Overall, the integration of a large randomized sample, a conservative control arm, stratified analyses, and identification of maturity-dependent treatment effects represents a meaningful contribution to the current literature. These strengths enhance the clinical relevance of the study and provide evidence that may help inform future guidelines and individualized therapeutic decisionmaking for PDA in preterm infants.
Several limitations should be noted. First, as this is a singlecenter study, our findings may not be fully generalizable to institutions with different patient populations or clinical protocols. Second, our analysis focused on short-term ductal closure rates, without long-term follow-up data on clinically important outcomes such as neurodevelopment, growth, chronic lung disease, or potential PDA reopening. Third, although randomization eliminated allocation bias, the open-label design meant that caregivers and outcome assessors were not blinded to treatment assignment, which could introduce bias in outcomes requiring subjective interpretation. Finally, while pre-interventional echocardiography included standard parameters like ductal diameter and shunt direction, we did not systematically record hemodynamic measures such as flow velocity or pressure gradient across the ductus factors that may help predict spontaneous closure. The absence of these variables represents an additional limitation.

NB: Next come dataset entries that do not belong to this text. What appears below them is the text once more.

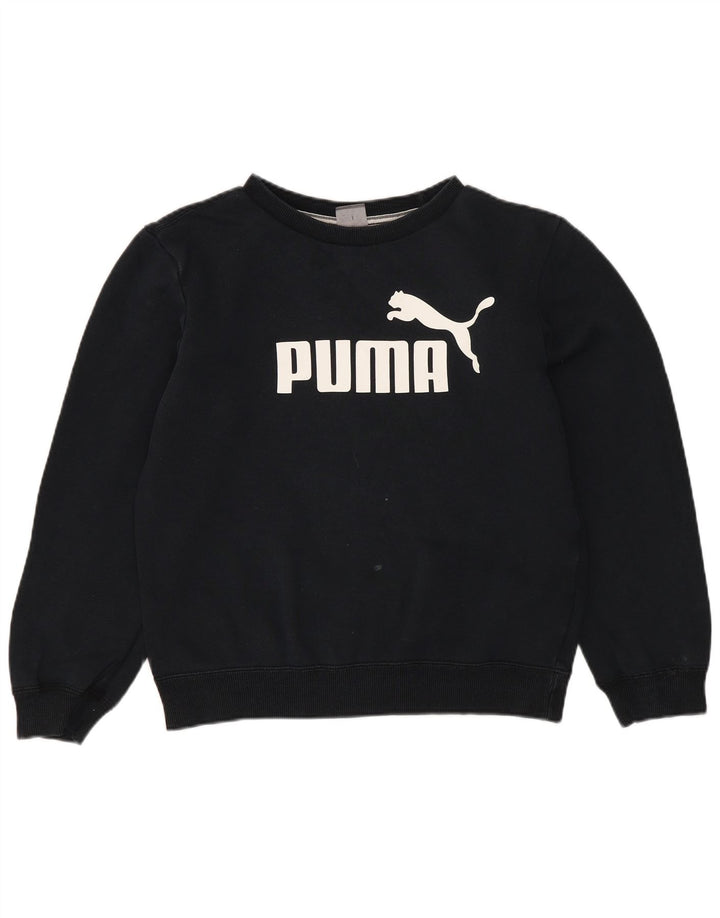 Puma Girls Crop Graphic Sweatshirt Jumper 11-12 år Sort Polyester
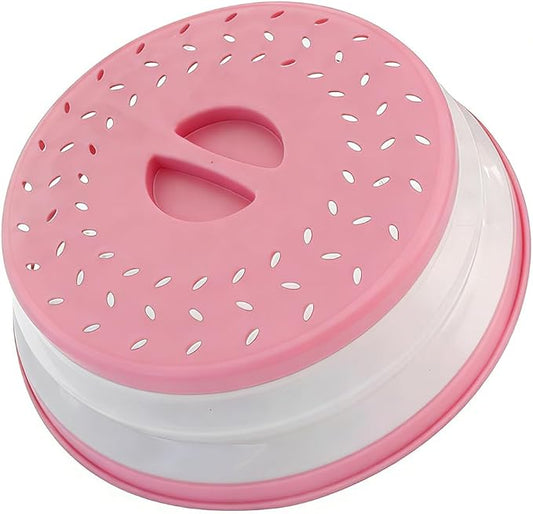 Collapsible Microwave Splatter Cover, Microwave Plate Cover With Steam Vent，BPA-Free Silicone & Plastic (pink, 12.3IN)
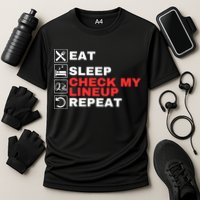 Eat Sleep Check My Lineup Repeat Fantasy Football Design Fantasy Football Guru Cooling Performance Crew T-Shirt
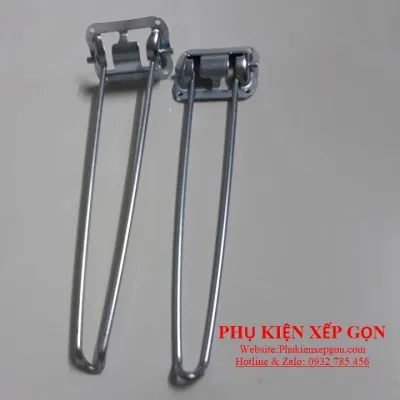 Bộ 4 chân bàn gập sắt mạ kem màu trăng sáng chiều dài 27cm dùng cho bàn ăn bàn học bàn vi tính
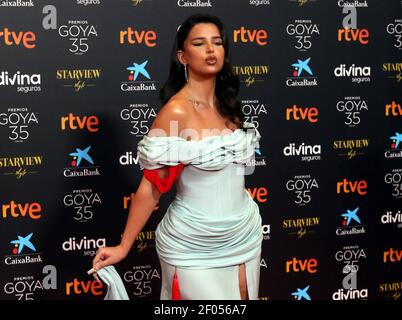 Malaga, Espagne. 06e mars 2021. La chanteuse Nathy Peluso au photocall pour la 35e édition annuelle des Goya film Awards à Malaga le samedi 06 mars 2021. Credit: CORMON PRESSE/Alamy Live News Banque D'Images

From the study, we can conclude that ibuprofen was the most effective agent for promoting PDA closure in preterm neonates, particularly in those with gestational age ≥ 32 weeks and birth weight ≥ 1500 g. While acetaminophen also improved outcomes compared to no treatment at all, its effect was more modest. These findings support the preferential use of ibuprofen in clinically stable preterm neonates with PDA, especially in those with more advanced gestational age or higher birth weight. The evidence from our study and recent literature suggests that ibuprofen remains highly effective for PDA closure, particularly in more mature and heavier preterm infants. For extremely preterm or very low-birth-weight infants, the efficacy differences between ibuprofen and acetaminophen appear minimal, suggesting that either drug could be considered depending on the clinical context.